Former UnitedHealth Group CEO William McGuire recently agreed to pay $30 million and forfeit 3.7 million stock options as part of what the Wall Street Journal has referred to as, “one of the largest executive-pay givebacks in history.”  The prominence of this and other high profile cases has led to increasing investor concern over ballooning executive compensation.  It has also led to frustration over the current lack of any formal mechanism for investors to express opinions on the compensation of named executive officers.

Evidencing this concern, votes on “Say on Pay” resolutions in 2008 averaged 43% in favor, with ten resolutions receiving the support of a majority of shares voted.  Nine leading public companies have now agreed to an advisory vote.   Following Aflac’s first advisory vote in 2008, the company’s Chairman and CEO said, “An advisory vote on our compensation report is a helpful avenue for our shareholders to provide feedback on our pay-for-performance compensation philosophy and pay package.”

The influential proxy voting advisory service RiskMetrics Group recommends voting in favor of “Say on Pay” resolutions, noting: “RiskMetrics encourages companies to allow shareholders to express their opinions of executive compensation practices by establishing an annual referendum process. An advisory vote on executive compensation is another step forward in enhancing board accountability.”
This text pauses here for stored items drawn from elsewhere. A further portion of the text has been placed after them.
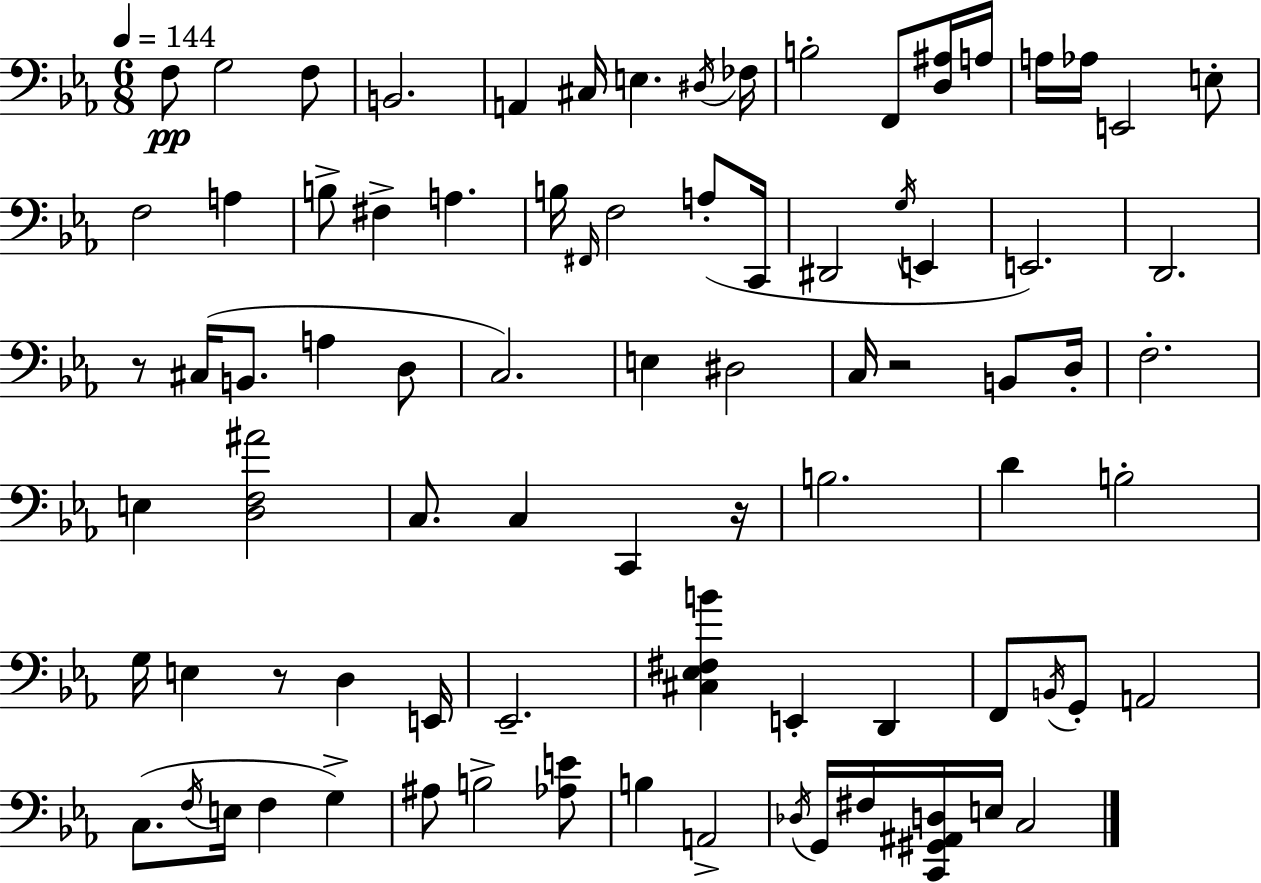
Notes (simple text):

F3/e G3/h F3/e B2/h. A2/q C#3/s E3/q. D#3/s FES3/s B3/h F2/e [D3,A#3]/s A3/s A3/s Ab3/s E2/h E3/e F3/h A3/q B3/e F#3/q A3/q. B3/s F#2/s F3/h A3/e C2/s D#2/h G3/s E2/q E2/h. D2/h. R/e C#3/s B2/e. A3/q D3/e C3/h. E3/q D#3/h C3/s R/h B2/e D3/s F3/h. E3/q [D3,F3,A#4]/h C3/e. C3/q C2/q R/s B3/h. D4/q B3/h G3/s E3/q R/e D3/q E2/s Eb2/h. [C#3,Eb3,F#3,B4]/q E2/q D2/q F2/e B2/s G2/e A2/h C3/e. F3/s E3/s F3/q G3/q A#3/e B3/h [Ab3,E4]/e B3/q A2/h Db3/s G2/s F#3/s [C2,G#2,A#2,D3]/s E3/s C3/h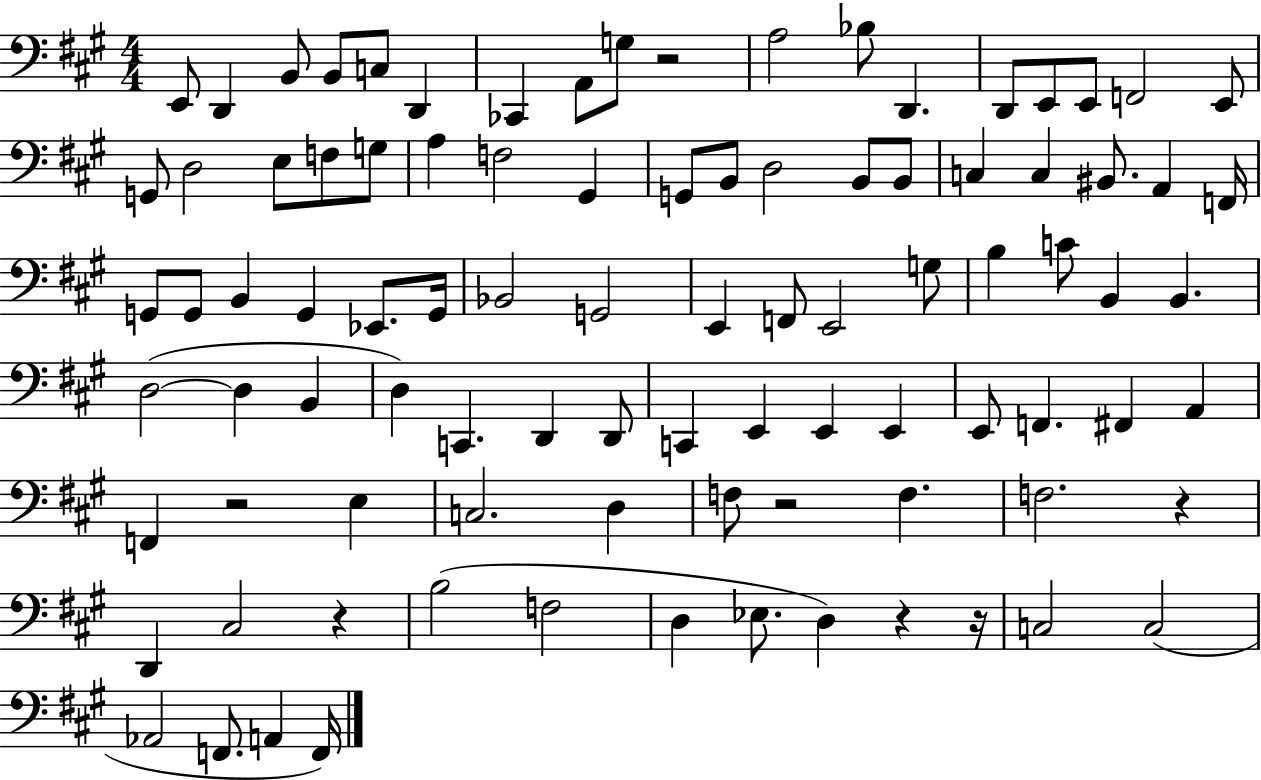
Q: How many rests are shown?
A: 7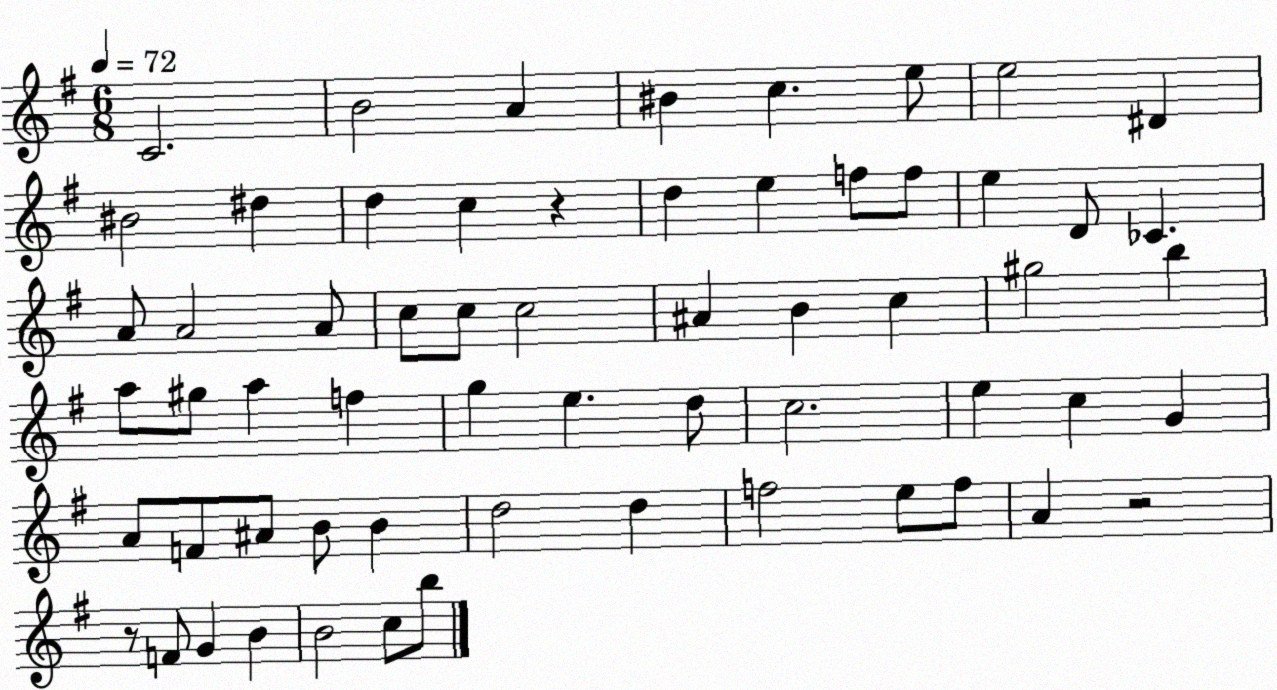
X:1
T:Untitled
M:6/8
L:1/4
K:G
C2 B2 A ^B c e/2 e2 ^D ^B2 ^d d c z d e f/2 f/2 e D/2 _C A/2 A2 A/2 c/2 c/2 c2 ^A B c ^g2 b a/2 ^g/2 a f g e d/2 c2 e c G A/2 F/2 ^A/2 B/2 B d2 d f2 e/2 f/2 A z2 z/2 F/2 G B B2 c/2 b/2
RiskMetrics is not alone in its support of allowing investors to have a say on pay.  In April 2007, the U.S. House of Representatives passed a bill to allow annual advisory votes by a 2-to-1 margin.  During the 2008 presidential campaign, Senators Obama and McCain both voiced support for say on pay.  In Europe, the EU Commission has recommended that the directors’ remuneration policy be submitted to a vote to increase accountability.

The Council of Institutional Investors, which has also endorsed advisory votes on pay, has stated that, “Executive compensation is the most critical and visible aspect of a company’s governance.”  Shortly after the options-backdating scandal that led to the resignation of former Chair and CEO William McGuire, current CEO Stephen Hemsley offered assurances that UnitedHealth would, “be unrelenting in achieving the highest standards for governance and integrity.” (BusinessWeek.com, 10/18/06, “The Ties UnitedHealth Failed to Disclose”) We urge our board to uphold this promise by instituting this best- practice governance reform and allowing shareholders to have a say on pay.